All animal work was approved by the University of Chicago Institutional Animal Care and Use Committee (Institutional Animal Care and Use Committee protocol 72101). C57Bl6/J mice were bred in house for all studies. Either specific pathogen free mice (SPF) or germ free (GF) were used. Mice were from 8–14 weeks of age and both genders were used. Mice were sacrificed using CO2 followed by cervical dislocation as approved by the University of Chicago Institutional Animal Care and Use Committee. TU-100 was included in diet AIN-76A at 15 gm/kg and mice were fed this diet for 3 days prior to treatment with anti-CD3 antibody (monoclonal 145 2C11 obtained from Fitch Monoclonal Antibody Core, Cancer Research Center, University of Chicago). Three days plus gavage one hour prior to anti-CD3 antibody injection was selected as preliminary experiments demonstrated maximal inhibition of enteropooling within this time. Mice were injected with 200µg antibody and sacrificed after 3 or 24 hours (these times points were selected on the basis of previous reports that defined the optimal times for different enteritis-associated changes (e.g. enteropooling, villus and crypt cell apoptosis) [27], [28]. A laparotomy was performed and a ligature placed around the intestine at the ligament of Treitz, and a second ligature carefully placed 3–4 cm distal to the first. This segment was then removed and the weight and length determined. Sections were fixed in formalin for determination of apoptosis by TUNEL staining (In Situ Death Kit, Roche, Indianapolis, IN) or stained with hematoxylin and eosin for histological examination for villus height and crypt depth using NIH Image J software. The imaging station included an embedded scale to calibrate length in microns. At least 20 villi and crypts in each section and 3 sections from each mouse were analyzed to determine villus height and crypt depth. Histological measurements were performed by two authors (NU, MWM) who were blinded to the treatment conditions for a given mouse. From adjacent sections, RNA was extracted using Trizol reagent according to the manufacturer's directions (Invitrogen, Carlsbad, CA) and protein was extracted as previously described [24].

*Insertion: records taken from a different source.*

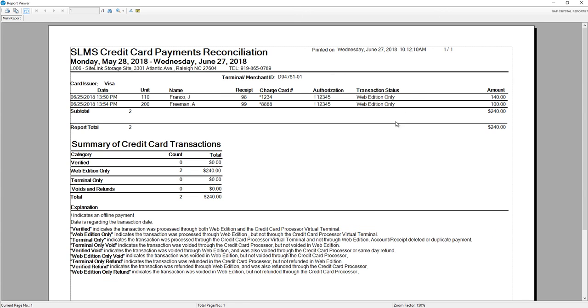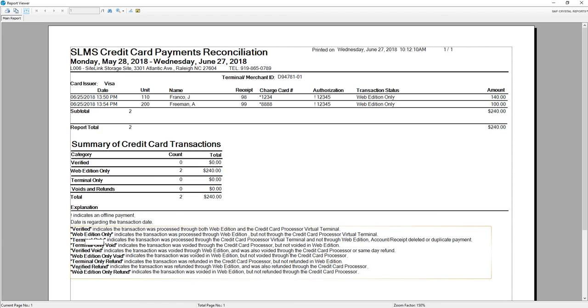There is also a listing of all of the different transaction status items at the bottom of the report, along with what they represent.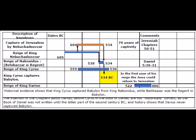As we look at this spreadsheet bar chart, we'll see that the capture of Jerusalem by Nebuchadnezzar took place in 604 BC, and it lasted for 70 years, as was prophesied in Jeremiah chapters 50 and 51.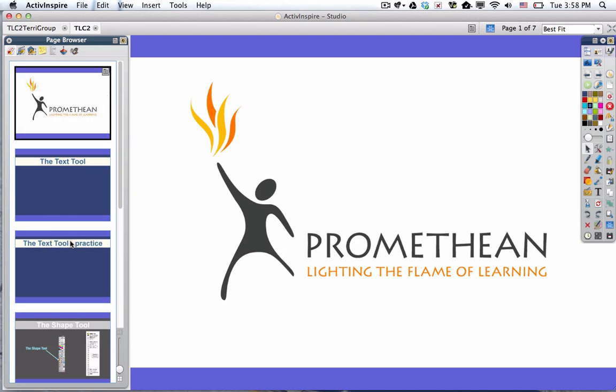Welcome to this ActiveInspire lesson. In this lesson, we're going to take a look at the text tool, the shape tool, and some of the object tools. So let's get right into it.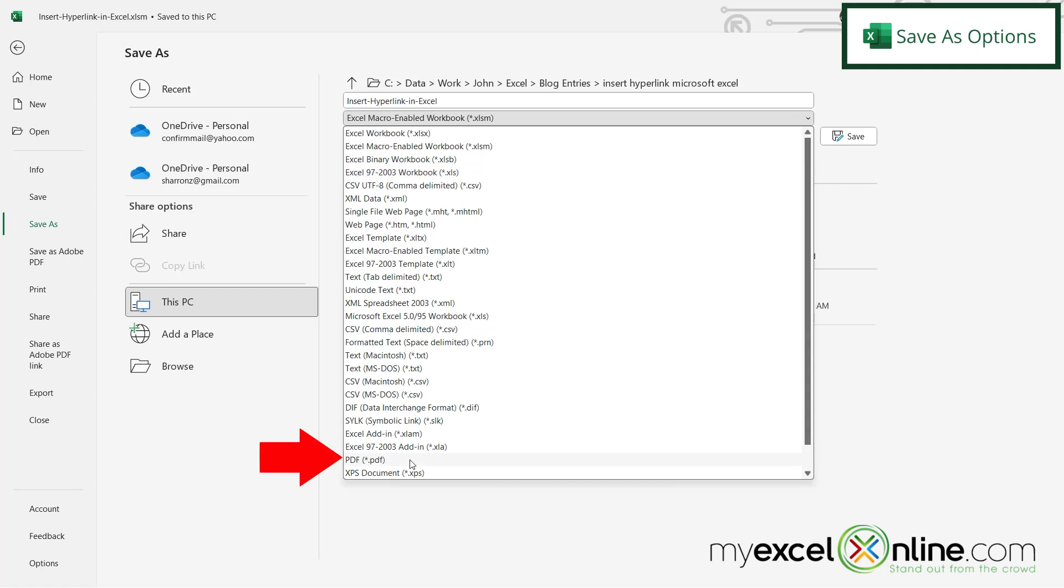And then there's an option down here for a PDF. And one more I would like to point out here is the .csv. Now this is a pretty standard file for other systems that are using text files or you want to be able to import into another system.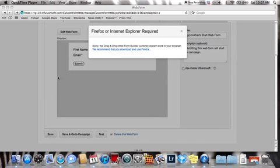I'm just going to quickly show you, if you aren't already savvy at this, how to download Firefox. You're going to get this because you can't use the drag and drop web form feature, which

Epithelial immune cell coculture experiments

Human colonic adenocarcinoma Caco2BBE cells were grown as monolayers on permeable supports. Caco2BBE cells were a gift of Dr. Mark Mooseker, Yale University [33]. Cells were allowed to grow for 7 days to mature and then treated overnight with human IFNγ (100 U/ml) to increase expression of TNFα receptors. Human Jurkat-1 cells were seeded on the serosal/bottom side of the permeable support. After one day, the human anti-CD3 antibody UCHT1 (BD Biosciences) was added (200 ng/ml) and Jurkat-1 and Caco2BBE cells were harvested separately. The Jurkat cells were pelleted from the medium by centrifugation and the media analyzed for secreted human TNFα. Jurkat and Caco2BBE cells were extracted and cell lysates analyzed for indicated proteins by Western blotting as described above.

TU-100 components

TU-100 or the ginger, ginseng, and Japanese pepper components were obtained as powders from Tsumura & Co. (Ibaraki, Japan). These powders lacked the maltose addition used in TU-100. Where indicated, AIN-76A diets were supplemented with 1.5% (wt/wt) TU-100. To ensure that mice had consumed diakenchuto, serum levels of TU-100 components were measured by Tsumura & Co. by LC/MC/MS. Compound K was routinely measured as confirmation or diakenchuto consumption since compound K has long plasma life compared with other components that are excreted in the urine. For gavage, either TU-100 or individual components were resuspended in water to provide 100 mg/ml TU-100, 50 mg/ml ginger, 30 mg/ml ginseng, or 20 mg/ml Japanese pepper extract, providing 10 mg TU-100 or 5 mg ginger, 3 mg ginseng, or 2 mg Japanese pepper per mouse (weighed and between 19–22 grams and volume adjusted per mouse). Mice were gavaged each day for three days with 100 μl of the above solutions and then one hour before i.p. injection of anti-CD3 antibody. These amounts are comparable to amounts consumed daily by humans.

Protein analysis

Standard procedures were used for Western blotting and ELISA analysis of TNFα (eBioscience, San Diego, CA).

Statistical methods

Data were analyzed using Graph Pad Prism software (San Diego, CA) using analysis of variance with a Bonferroni correction or paired Student's T test when appropriate.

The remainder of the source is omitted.